WASHINGTON (May 15, 2008)—More than 1,000 farm, nutrition, and conservation organizations sent a letter to Congress today asking legislators to override President Bush’s veto of the bipartisan farm bill passed last week.
Industry insiders noted that this letter was even larger than a similar group letter sent to Congress last week by 557 groups urging passage of the bill.
“Communities across the nation, from urban to rural have been waiting too long for this legislation,” the letter read. “The Conference Report makes significant farm policy reforms, protects the safety net for all of America’s food producers, addresses important infrastructure needs for specialty crops, increases funding to feed our nation’s poor, and enhances support for important conservation initiatives.”
Signed by major commodity groups, ag lenders, churches, conversationalists, and hunger organizations, the letter admitted: “This is by no means a perfect piece of legislation, and none of our organizations achieved everything we had individually requested. However, it is a carefully balanced compromise of policy priorities that has broad support among organizations representing the nation’s agriculture, conservation, and nutrition interests.”
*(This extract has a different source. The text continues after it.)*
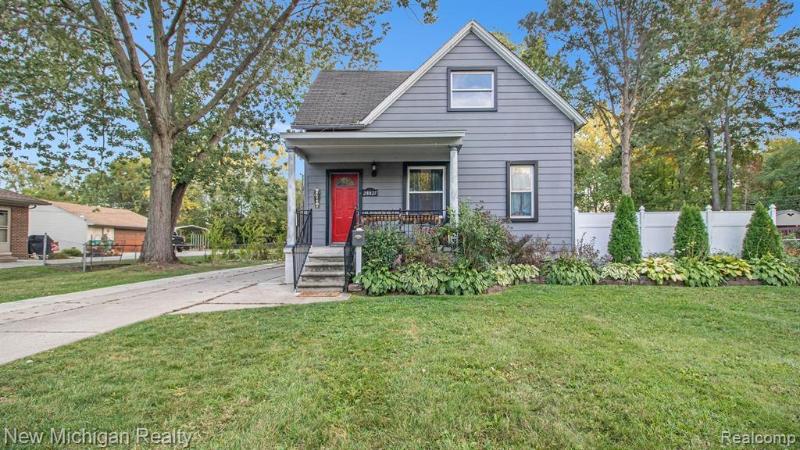 Listing Photo for 28827 Hennepin Street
Congress passed the farm bill last week by a 3-to-1 margin—more than the 2-to-1 margin that is necessary for a veto override. Despite its overwhelming approval, the White House vetoed the bill today. Congress is expected to vote to override that veto this week.
“Again, we urge you to support communities across America by voting to override the veto of the 2008 Farm Bill Conference Report,” concluded the group letter, which is thought to have more signatures than any Congressional letter ever sent on an agricultural issue.